3. LCWs will mainly be used by a single user in a once-off scenario. For large high volume architectures, it is not feasible to send such large swaths of data for each and every inference.

4. Inference cost will be extremely high due to the large number of tokens used for each inference.

RAG allows for a highly inspectable, observable and manageable solution which is a non-gradient approach. While optimising inference time, and leveraging LLMs unique ability of in-context learning.

5. An approach solely based on LCW is not optimised for speed considering inference wait time, and the sheer amount of data sent with each query.

6. Highly scaleable and optimised solutions will need a level of resilience which a LCW approach will not solve for due to it’s lack of granularity.

7. Just imagine how hard it will be to optimise a solution if a LCW approach is followed instead of RAG. The LLM is in essence a black box and the methods of accessing different sections of long context is opaque.

8. Large Language Models (LLMs) excel at In-Context Learning (ICL) and ICL is especially well leveraged by providing the LLM with just the right context for each inference.

9. A recent study called “Lost in the middle” proved how facts at the beginning and end of a long context submission document receives more coverage than documents at the end.

RAG is a step towards reaching LLM independence.

10. For a scaleable enterprise grade approach to Generative AI, data discovery is of utmost importance, together with data design.

Part of this process includes performing due diligence in terms of data privacy and anonymisation.

Discovering data with strong signals in terms of use-cases and customer intent lends itself to a natural and logical next step of chunking that data into highly contextual pieces of text to inject at inference.

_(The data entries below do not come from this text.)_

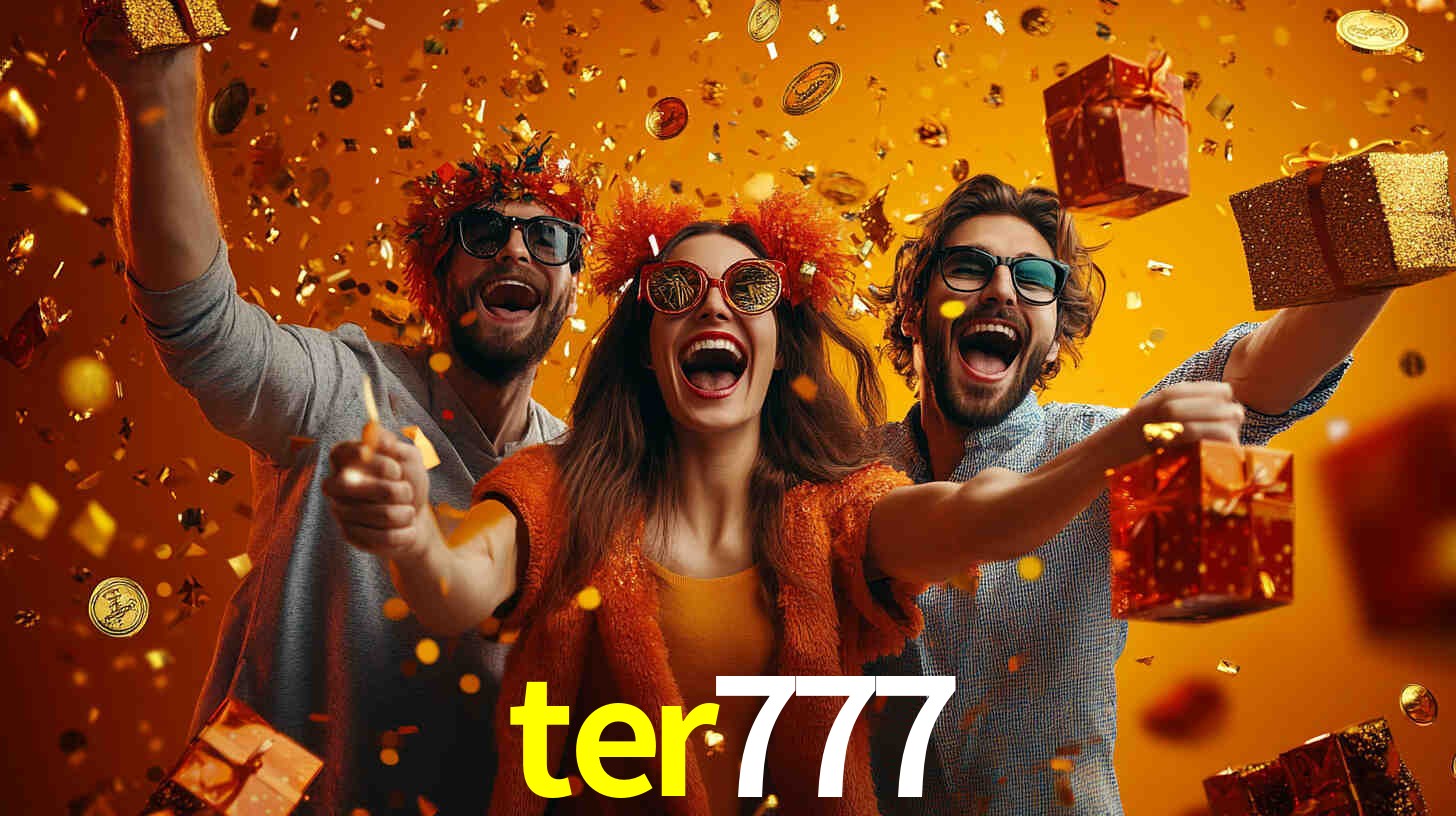 ter777.com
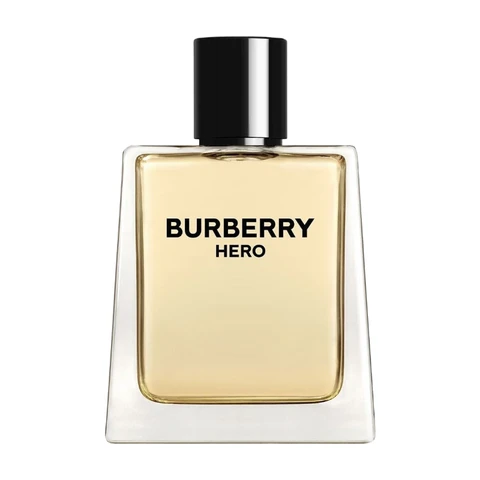 Burberry Hero Eau de Toilette 50ml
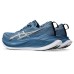 ASICS SUPERBLAST 2 Unisex Παπούτσι για Τρέξιμο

11. RAG allows for highly inspectable, observable and manageable solutions which is a non-gradient approach. While optimising inference time, and leveraging LLMs unique ability of in-context learning.

12. RAG is a step towards reaching LLM independence. Research has shown that LLMs deemed inferior excel when provided with an in-context reference. RAG is largely LLM independent and by using a LCW approach, LLM independence will surely not be reached.

Tokens In Context

In order to put token use in context, below is the OpenAI tokenised calculator. The calculator converts text into tokens and can be used to calculate costs in terms of the size of the inference input and output.




Source

 

 

The table below shows the context window of a number of Anthropic and OpenAI models, with their respective pricing per 1 million tokens.

The graph below shows the number of tokens per second generated by the model. This is a good indication of the models’ inference time. It takes more than one second to generate one sentence.

 

In-Context Learning

A recent study has shown that LLMs in fact do not possess emergent capabilities, and what as deemed in the past as emergent capabilities is in fact the ability of LLMs to leverage in-context learning (ICL).

 
 
 
Source

ICL leverages the LLM abilities of logic and common-sense reasoning, natural language generation, language understanding and contextual dialog management.

With the exception of not heavily relying on the knowledge intensive nature of LLMs.

Considering the graph above, the stark contrast is illustrated when context is present and absent. The categories the study considered was accuracy, hallucination, helpfulness and helpfulness combined with hallucination.

Lost In The Middle

A recent study examined the performance of LLMs on two tasks:

  • One involving the identification of relevant information within input contexts.
  • A second involving multi-document question answering and key-value retrieval.


The study found that LLMs perform better when the relevant information is located at the beginning or end of the input context.

However, when relevant context is in the middle of longer contexts, the retrieval performance is degraded considerably. This is also the case for models specifically designed for long contexts.

 

 
Source

Extended-context models are not necessarily better at using input context. Source

 

Conclusion

In conclusion, there is significant value in understanding semantic similarity in any organisations data, knowing what conversations customers want to have, and optimising the data injected at inference.